They've done the impossible: they actually made a dungeon crawler I hate.

User Rating: 3.5 | Silverfall PSP
Silverfall takes the crown as the worst dungeon crawler I've ever played. Many of the tried-and-true formulas that I've come to expect from a modern dungeon crawler are missing.

First and foremost, the entire game levels with you. When you pass through an area at level 10, all the monsters are level 10. Return to that area at level 40, and all the monsters are now level 40. No area of the game becomes "safe" to pass through to farm loot or finish old quests. It effectively makes leveling pointless, since the only effect leveling has is allowing you to equip different weapons, armor, or spells. And when low-level weapons are armor sometimes have better stats than higher level items, why bother? Your spells become more powerful as you level them up, but since the monsters do, too, there's no difference in combat. Also, spells are capped at level 10, which makes them almost useless against level 80 monsters.

Second, their "targeting" system is worthless. You typically can't target a monster until you've started an attack, and you have to manually align yourself perfectly with the monster. Locking on has almost no effect - you don't turn automatically to face the monster or hit more reliably when locked on, so you may have to run away, run back, run away, run back until you get the angle such that your weapon is actually connecting with the monster and causing damage.

The maps are huge, which is normally a good thing. In Silverfall, not so much. You have to cross so much country between plot points it's easy to lose track of the rather thin story. Also, spend too much time in an area and the monsters will respawn behind you, meaning you have to fight your way back to the few town areas to sell and replenish supplies.
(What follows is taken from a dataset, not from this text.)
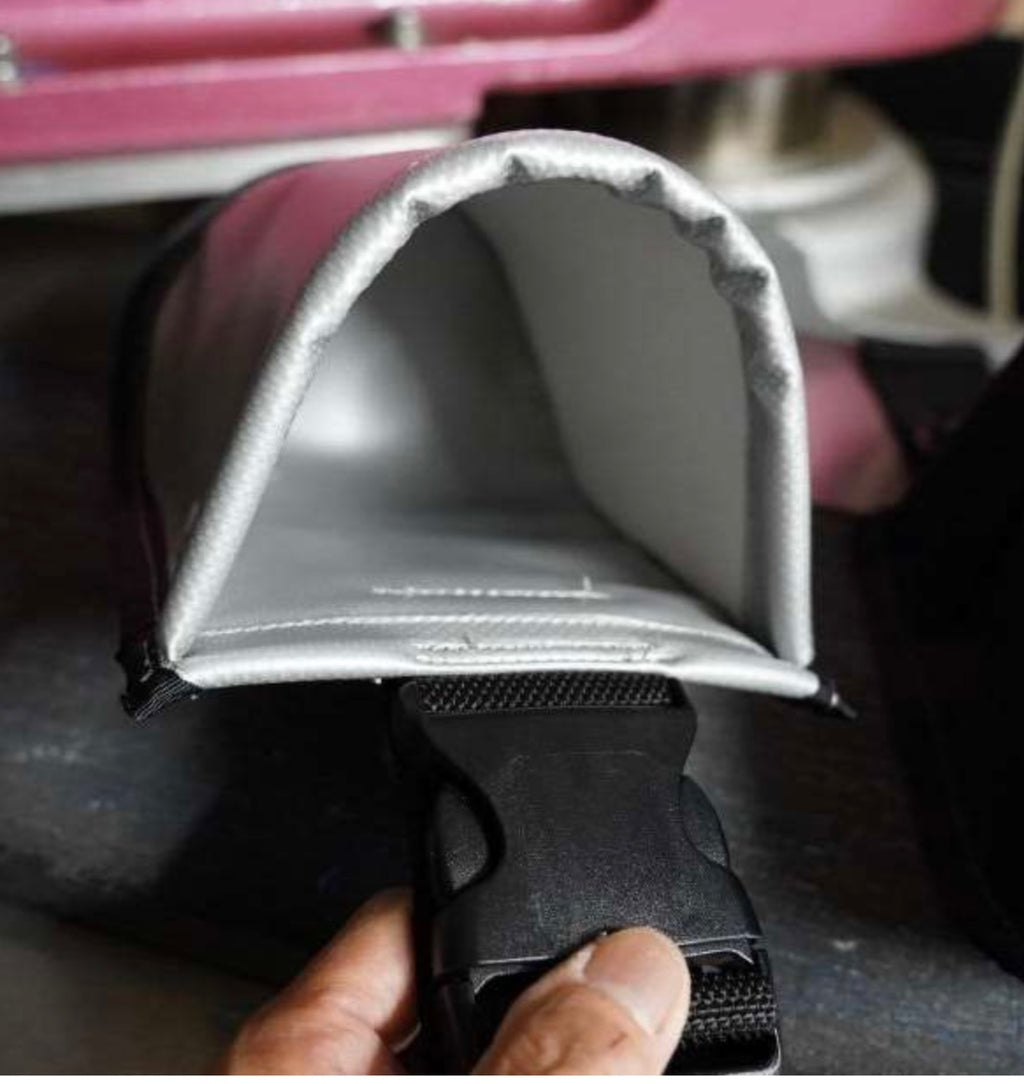 Pochette imperméable professionnelle Takaki Tarpoulin Silver en tissu ultra-résistant, conçue pour protéger les objets contre l'eau.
Which is another problem: vendors are few and far between. I'm constantly having to drop things from inventory because there's no vendor nearby and you can't teleport back to safe zones to buy and sell like you can in Baldur's Gate, Champions of Norrath, Elder Scrolls, etc. Also, the vendors you do find have very limited stock of critical items like health and mana potions. Most vendors have only 3 or 4 of each. The one mercy is the vendors replenish their stock between screen loads, so you can leave an area and re-enter it repeatedly to replenish your stores if you're desperate.

Monsters are a source of annoyance, too. Aside from leveling with you, their AI is nonexistent. Each monster has a defined zone within which it can roam. Step outside that zone, and the monster will turn back and leave you alone, even if you're standing right in front of it, shield down, vulnerable to attack. Also, they regain all health and mana as soon as they move off screen. Get a particularly hard monster down to 1/4 health, retreat to replenish health and mana, and then go at him again: guess what. He's back to 100%, not 50% or less like you'd expect.

Graphics on the PSP version are awful. Early PS2 fare at best. The animations make your character look like s/he is running bowlegged, and the textures are blurry and poorly defined.

Finally, some side quests are absurdly difficult to complete. You meet someone at the beginning of a dungeon and they give you a quest. You fight you way through the maze of muck, and complete their request. Now you have to slog all the way back through the maze to talk to them and tell them you finished it. No secret door opens to give you a shortcut. No warp portal appears that you can jump back to them. And if you've taken long enough, all the monsters have respawned behind you (complete with a higher level to match any levels you've gained), so you basically have to do the dungeon 3 times: once to actually do the side quest, once to go back to your contact and tell them it's done, and a third time to get back to the far end of the dungeon (since the monsters may have respawned yet again) so you can continue to the next area.

So, play Titan Quest. Play Neverwinter Nights for the fourth time. But don't play Silverfall.